[Short descriptive text snippets]
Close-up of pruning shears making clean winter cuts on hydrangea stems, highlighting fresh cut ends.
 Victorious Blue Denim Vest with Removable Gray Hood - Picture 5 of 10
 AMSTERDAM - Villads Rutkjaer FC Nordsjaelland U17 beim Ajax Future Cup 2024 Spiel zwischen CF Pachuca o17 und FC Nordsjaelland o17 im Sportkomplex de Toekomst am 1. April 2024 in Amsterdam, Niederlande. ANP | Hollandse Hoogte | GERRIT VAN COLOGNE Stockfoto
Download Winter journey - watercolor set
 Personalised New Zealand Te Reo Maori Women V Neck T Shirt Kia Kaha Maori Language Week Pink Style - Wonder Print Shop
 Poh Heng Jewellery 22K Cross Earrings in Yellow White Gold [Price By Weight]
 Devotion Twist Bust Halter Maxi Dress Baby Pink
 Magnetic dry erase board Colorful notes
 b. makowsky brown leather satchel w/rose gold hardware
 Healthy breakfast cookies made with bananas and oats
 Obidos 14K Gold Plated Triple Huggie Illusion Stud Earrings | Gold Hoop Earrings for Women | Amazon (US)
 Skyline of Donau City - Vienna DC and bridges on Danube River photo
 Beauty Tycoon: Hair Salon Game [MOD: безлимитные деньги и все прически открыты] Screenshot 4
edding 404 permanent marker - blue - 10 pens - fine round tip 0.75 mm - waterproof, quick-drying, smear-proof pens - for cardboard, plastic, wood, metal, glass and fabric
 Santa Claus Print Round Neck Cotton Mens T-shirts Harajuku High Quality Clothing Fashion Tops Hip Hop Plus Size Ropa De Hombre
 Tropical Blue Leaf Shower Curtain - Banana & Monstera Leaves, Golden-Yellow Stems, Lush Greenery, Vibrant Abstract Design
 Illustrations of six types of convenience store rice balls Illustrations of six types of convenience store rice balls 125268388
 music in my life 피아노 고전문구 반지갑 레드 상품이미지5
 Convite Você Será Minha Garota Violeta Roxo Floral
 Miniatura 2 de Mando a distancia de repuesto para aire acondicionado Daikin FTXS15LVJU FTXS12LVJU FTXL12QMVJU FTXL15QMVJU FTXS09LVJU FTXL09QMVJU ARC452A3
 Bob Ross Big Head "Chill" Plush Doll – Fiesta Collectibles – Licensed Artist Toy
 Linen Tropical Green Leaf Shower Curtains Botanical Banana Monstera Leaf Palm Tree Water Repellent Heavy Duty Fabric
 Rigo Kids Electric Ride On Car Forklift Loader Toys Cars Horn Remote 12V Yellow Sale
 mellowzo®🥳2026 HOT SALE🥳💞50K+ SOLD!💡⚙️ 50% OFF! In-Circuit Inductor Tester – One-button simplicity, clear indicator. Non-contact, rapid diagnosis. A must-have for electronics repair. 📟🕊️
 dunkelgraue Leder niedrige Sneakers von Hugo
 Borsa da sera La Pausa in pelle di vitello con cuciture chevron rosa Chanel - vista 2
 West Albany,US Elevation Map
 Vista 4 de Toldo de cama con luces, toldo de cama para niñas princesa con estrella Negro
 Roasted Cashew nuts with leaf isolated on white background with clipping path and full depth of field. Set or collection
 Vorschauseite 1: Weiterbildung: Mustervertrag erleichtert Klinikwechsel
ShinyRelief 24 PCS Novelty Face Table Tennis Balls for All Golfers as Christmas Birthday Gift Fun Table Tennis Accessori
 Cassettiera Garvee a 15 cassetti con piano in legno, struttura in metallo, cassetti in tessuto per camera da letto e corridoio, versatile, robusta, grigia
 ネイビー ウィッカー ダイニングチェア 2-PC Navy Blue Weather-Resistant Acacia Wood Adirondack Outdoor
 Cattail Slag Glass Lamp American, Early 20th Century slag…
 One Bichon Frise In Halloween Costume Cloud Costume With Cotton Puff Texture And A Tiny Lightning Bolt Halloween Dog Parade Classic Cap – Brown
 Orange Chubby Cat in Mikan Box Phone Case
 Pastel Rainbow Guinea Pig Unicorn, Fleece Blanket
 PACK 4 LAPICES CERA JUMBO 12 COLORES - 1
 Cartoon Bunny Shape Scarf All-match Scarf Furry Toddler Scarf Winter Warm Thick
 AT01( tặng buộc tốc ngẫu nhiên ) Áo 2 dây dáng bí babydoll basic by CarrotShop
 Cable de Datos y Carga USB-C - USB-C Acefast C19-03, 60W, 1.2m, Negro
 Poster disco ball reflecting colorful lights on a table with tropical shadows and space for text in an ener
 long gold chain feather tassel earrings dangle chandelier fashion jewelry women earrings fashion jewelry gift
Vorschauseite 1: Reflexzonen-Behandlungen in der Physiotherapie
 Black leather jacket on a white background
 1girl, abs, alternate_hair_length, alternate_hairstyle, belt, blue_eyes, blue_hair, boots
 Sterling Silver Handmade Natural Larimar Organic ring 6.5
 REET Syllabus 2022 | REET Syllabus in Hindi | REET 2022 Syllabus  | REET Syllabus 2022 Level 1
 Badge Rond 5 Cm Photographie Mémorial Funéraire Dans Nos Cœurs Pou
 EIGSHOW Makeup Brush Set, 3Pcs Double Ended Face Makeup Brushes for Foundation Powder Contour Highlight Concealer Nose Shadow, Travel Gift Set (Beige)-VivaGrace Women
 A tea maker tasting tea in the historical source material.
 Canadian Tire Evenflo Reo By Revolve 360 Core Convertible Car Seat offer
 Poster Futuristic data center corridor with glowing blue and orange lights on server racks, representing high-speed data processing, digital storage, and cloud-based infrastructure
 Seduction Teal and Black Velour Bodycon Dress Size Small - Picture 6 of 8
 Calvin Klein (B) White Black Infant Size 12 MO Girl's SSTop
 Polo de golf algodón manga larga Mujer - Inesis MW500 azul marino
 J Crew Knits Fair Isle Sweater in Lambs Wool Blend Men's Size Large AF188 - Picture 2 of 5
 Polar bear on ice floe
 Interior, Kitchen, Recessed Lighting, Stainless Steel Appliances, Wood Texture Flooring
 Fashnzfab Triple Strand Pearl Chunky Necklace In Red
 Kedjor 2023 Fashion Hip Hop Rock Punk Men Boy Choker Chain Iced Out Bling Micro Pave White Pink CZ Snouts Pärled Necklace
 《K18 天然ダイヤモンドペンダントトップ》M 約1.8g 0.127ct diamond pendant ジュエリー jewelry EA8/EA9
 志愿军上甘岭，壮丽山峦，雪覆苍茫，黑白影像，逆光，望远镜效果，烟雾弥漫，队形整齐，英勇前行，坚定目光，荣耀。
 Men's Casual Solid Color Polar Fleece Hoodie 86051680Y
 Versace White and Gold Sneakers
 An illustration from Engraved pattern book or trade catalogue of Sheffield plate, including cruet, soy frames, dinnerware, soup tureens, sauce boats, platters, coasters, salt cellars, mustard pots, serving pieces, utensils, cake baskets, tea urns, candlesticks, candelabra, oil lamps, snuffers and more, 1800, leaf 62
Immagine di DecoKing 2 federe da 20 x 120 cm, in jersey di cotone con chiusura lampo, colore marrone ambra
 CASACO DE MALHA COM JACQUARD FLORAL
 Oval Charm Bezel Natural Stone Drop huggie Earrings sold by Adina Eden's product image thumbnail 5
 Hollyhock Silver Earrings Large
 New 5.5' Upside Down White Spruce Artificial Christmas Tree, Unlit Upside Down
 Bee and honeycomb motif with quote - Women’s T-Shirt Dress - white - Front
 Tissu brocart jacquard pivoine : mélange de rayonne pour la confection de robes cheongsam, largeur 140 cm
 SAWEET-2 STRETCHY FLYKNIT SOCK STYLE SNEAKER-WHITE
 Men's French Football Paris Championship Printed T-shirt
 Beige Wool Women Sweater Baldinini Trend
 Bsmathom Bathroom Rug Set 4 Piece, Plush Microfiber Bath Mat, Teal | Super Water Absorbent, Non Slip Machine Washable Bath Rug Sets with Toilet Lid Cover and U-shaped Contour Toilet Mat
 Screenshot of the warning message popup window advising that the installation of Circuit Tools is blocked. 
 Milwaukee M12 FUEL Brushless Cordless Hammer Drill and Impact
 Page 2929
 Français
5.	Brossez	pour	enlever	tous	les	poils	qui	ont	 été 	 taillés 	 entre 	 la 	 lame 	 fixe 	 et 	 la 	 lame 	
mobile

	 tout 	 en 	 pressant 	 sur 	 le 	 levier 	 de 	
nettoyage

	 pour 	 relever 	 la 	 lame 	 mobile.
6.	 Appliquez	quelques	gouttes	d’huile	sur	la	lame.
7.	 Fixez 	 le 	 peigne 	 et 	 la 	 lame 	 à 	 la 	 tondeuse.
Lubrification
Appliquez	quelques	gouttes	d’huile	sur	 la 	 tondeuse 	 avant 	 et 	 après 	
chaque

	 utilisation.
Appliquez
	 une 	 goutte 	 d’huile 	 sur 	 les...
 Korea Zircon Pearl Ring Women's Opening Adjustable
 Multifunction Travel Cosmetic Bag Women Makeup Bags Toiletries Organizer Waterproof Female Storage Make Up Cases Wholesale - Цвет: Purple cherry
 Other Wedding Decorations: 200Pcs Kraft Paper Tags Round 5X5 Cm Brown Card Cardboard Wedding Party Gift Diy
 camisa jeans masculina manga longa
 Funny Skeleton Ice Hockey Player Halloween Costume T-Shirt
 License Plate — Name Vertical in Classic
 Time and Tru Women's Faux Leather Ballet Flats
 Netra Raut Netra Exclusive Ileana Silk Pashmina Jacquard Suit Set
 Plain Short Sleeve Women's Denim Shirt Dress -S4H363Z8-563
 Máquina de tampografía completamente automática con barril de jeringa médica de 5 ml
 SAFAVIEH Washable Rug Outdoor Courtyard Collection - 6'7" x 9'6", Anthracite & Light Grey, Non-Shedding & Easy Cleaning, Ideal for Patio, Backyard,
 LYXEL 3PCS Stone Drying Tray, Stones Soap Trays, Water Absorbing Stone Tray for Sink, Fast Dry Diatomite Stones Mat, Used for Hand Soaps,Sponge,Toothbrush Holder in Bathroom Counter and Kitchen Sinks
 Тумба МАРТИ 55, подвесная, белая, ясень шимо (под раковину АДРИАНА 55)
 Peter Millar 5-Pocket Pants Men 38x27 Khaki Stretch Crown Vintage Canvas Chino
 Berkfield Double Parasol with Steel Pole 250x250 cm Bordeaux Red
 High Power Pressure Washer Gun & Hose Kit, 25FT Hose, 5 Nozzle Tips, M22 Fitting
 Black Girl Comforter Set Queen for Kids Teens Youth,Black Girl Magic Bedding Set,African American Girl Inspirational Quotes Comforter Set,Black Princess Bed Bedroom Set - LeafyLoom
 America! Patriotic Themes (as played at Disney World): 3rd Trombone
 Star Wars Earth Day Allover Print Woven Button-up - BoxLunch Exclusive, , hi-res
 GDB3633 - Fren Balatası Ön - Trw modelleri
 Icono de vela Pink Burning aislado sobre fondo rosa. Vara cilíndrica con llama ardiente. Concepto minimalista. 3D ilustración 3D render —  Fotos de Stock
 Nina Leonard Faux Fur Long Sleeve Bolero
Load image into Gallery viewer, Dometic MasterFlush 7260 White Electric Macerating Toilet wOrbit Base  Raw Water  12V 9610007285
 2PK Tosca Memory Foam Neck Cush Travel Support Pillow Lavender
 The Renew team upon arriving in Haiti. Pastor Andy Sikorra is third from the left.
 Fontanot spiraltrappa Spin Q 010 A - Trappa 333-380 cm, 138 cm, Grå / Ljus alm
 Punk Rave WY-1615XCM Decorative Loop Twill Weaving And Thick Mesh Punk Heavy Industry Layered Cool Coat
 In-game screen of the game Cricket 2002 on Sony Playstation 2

§ **PROBLEM STATEMENT**: Your answer should be every line above that contains the word "Triple".

§ **OUTPUT FOR THIS EXERCISE**:
 Obidos 14K Gold Plated Triple Huggie Illusion Stud Earrings | Gold Hoop Earrings for Women | Amazon (US)
 Fashnzfab Triple Strand Pearl Chunky Necklace In Red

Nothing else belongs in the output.